Os pesquisadores chegaram a essa conclusão após analisar imagens de Plutão obtidas pela sonda New Horizons, da NASA, em 2015. Diversas cúpulas vulcânicas foram notadas na região, mas o destaque ficou para o Wright Mons.

Essa estrutura tem cerca de 5 quilômetros de altura e 150 quilômetros de diâmetro. Seu volume é comparável ao do Mauna Loa, um dos maiores vulcões da Terra, localizado no Havaí. 

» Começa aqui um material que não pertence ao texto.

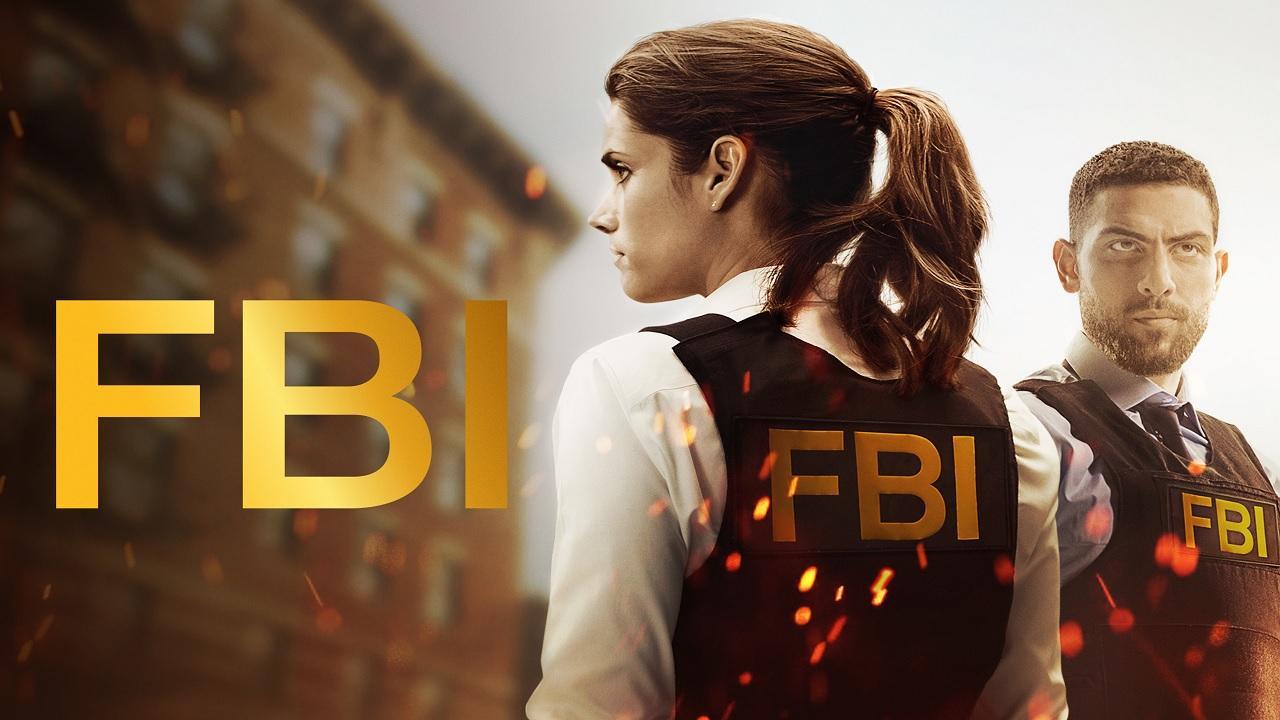 مسلسل FBI الموسم الاول الحلقة 6 السادسة مترجمة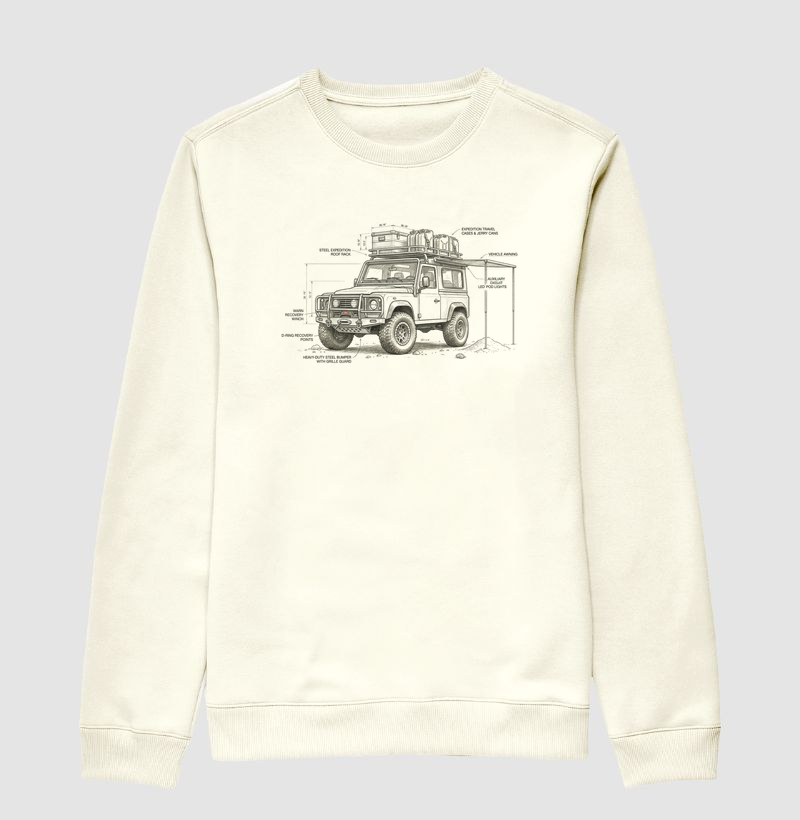 114 Land Rover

Os vulcões de Plutão não são como os nossos. Eles ejetam uma mistura de gelo e água, que acaba congelando quando chega a superfície e formando um novo terreno. Para você ter uma ideia, a temperatura média no planeta anão é de -232ºC.

Vulcões Plutão
Imagem baseada em dados de 2015 da missão New Horizons, que mostra visão perspectiva da região vulcânica de Plutão. Imagem: NASA/Johns Hopkins University Applied Physics Laboratory/Southwest Research Institute/Isaac Herrera/Kelsi Singer/Reprodução

E foi exatamente a superfície que chamou a atenção dos cientistas. É comum que os objetos celestes sejam impactados por asteroides, ficando repletos de crateras. Mas tais deformações não foram observadas em Plutão, o que sugere que seus vulcões gelados estavam ativos há pouco tempo (entre 100 e 200 milhões de anos) e remodelaram o local. 

Mas, para que os vulcões entrem em erupção, é necessário uma fonte de calor. Isso indica que Plutão, apesar de pequeno e distante do Sol, conseguiu reter energia suficiente para manter uma atividade vulcânica em um período avançado de sua história. Uma surpresa para os pesquisadores.